Confusion Metrics:

#ModelEvaluation #Series #2

A way to view various metrics of classification is confusions matrix.

It also helps up understand precision and recall better.

In a classification problem, during the testing phase you will have two categroies:

True condition
A text message is SPAM
Predicted condition
Ml model predicted SPAM

Keep in mind the model could predicted it as HAM, This means if you have two possible classes you should have 4 separate groups at the end of testing.

Correctly classified to class 1: TRUE HAM
Correctly classified to class 2: TRUE SPAM
Incorrectly classified to class 1: FALSE HAM
Incorrectly classified to class 2: FALSE SPAM

Real Condition Predicted Ham Predicted Spam

Ham True False

Spam False True

now if we expand these table futher:

(Positive)

| Real Condition | Predicted Ham | Predicted Spam (Negative)

|----------------------------|---------------------------|---------------------------|

| Ham | True Positive | False Negative |

| Spam | False Positive | True Negative |

The key point with confusion matrix and various calculated metrics is that

they are all fundamentally ways of comparing the predicted values vs true values

What constitutes a GOOD metics?

It really depends on the specific situation.

In some situation 99% accuracy is fantastic.
In other situation 99% accuracy may not even be good enough, may be it comes with really poor precision and poor recall.
So we cannot just say there's certain good values for particular metrics
Obviously if you get 100% across precision, accuracy and recall. 100% on all three of those is a really good model.
But in a real world you probably not going to get 100% of all of those.

Confusion matrix to evaluate our model. In this example we are going to test for the presence of the disease. This is a supervised learning, so before we run them through the testing program, we already know the true conditions of these patients. Whether they have diseases or not.
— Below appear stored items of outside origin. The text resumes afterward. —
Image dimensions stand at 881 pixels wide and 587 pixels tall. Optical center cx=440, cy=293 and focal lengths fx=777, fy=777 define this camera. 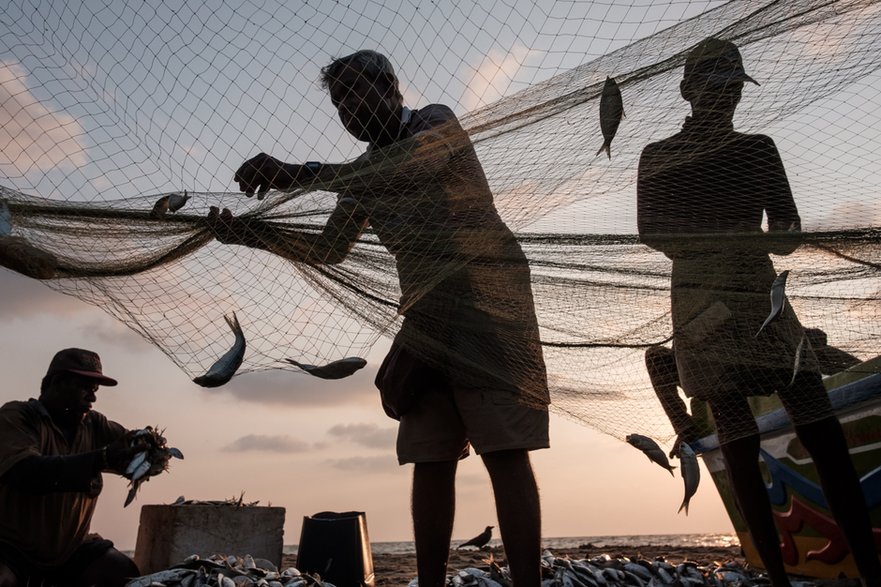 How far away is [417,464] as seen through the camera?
3.46 metres

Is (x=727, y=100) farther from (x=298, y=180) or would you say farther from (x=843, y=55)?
(x=298, y=180)

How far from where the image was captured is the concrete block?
5.52 metres

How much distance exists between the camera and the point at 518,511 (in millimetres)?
3096

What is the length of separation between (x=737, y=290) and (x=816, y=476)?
6.63 feet

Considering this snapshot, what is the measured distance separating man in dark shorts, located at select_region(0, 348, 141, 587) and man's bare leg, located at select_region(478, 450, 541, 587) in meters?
2.20

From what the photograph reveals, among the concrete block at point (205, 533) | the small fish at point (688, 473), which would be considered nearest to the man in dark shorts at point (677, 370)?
the small fish at point (688, 473)

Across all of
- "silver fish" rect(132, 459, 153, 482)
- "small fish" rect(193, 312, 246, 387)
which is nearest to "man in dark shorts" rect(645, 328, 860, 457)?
"small fish" rect(193, 312, 246, 387)

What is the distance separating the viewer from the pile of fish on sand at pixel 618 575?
4715 mm

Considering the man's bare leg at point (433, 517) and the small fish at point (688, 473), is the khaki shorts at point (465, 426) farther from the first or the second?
the small fish at point (688, 473)

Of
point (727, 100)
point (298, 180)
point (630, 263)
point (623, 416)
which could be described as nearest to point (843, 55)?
point (727, 100)

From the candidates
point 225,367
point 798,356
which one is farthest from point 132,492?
A: point 798,356

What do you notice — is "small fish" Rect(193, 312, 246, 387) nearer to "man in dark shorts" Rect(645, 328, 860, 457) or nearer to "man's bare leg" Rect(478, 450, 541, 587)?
"man's bare leg" Rect(478, 450, 541, 587)

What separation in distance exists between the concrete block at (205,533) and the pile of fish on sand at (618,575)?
1.30 metres

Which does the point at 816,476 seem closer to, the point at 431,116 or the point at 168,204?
the point at 431,116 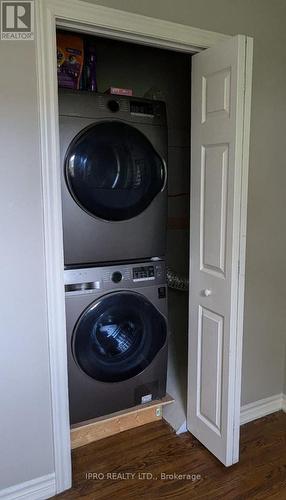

So imaging this as testing a new diagnostic tool.

For presence of disease:

Yes = Positive Test or True or 1

No = Negative Test or False or O

Total People for the test = 165, N = 165

The result is:

| Real Condition | Predicted No | Predicted YES (Positive)

|----------------------------|---------------------------|---------------------------|

| Actual No | 50 | 10 |

| Actual Yes | 5 | 100 |

50 people did not have cancer, we correctly predicted, True Negative
Accidentally predicted 10 people to have disease, when these people did not have disease False Positive
5 People had disease but we said they did not have disease False Negative
Actually had disease and predicted to have disease is 100 True positive

let's map the value in table:

| Real Condition | Predicted No | Predicted YES (Positive)

|----------------------------|---------------------------|---------------------------|

| Actual No | 50 TN | 10 FP |

| Actual Yes | 5 FN | 100 TP |

Accuracy:
how often is it correct?
(TP + TN)/ Total
How many did i classify correctly over all my examples?
(50 + 100) / 165 = 0.91 or 91% accuracy

Now is 91% accurate good enough?

This depends on the situation, if you are dealing with cancer, that's a high stakes game so 91% is not good enough,

The really important statistics here is False Negative, these 5 people had cancer that we predicted as safe.This is a extremely dangerous situation to be in. So you have to keep in mind the context of what your ML model is trying to achieve?.

SO there is always going to a trade off between false negative vs false positive.

In this situation we want to minimize the false negative. Here we'd really like to avoid in this situation, telling someone they are clear of the disease when they actually have one.

You can also calculate Misclassification Rate:

= (FP + FN) / total

= 15 /165

= 0.09 or 9% error rate.

In statistics, false positives and false negatives are referred as type I and type II error.

Type1 i.e false positive: telling man a he is pregnant

Type II error, false negative: telling a pregnant women she is not pregnant.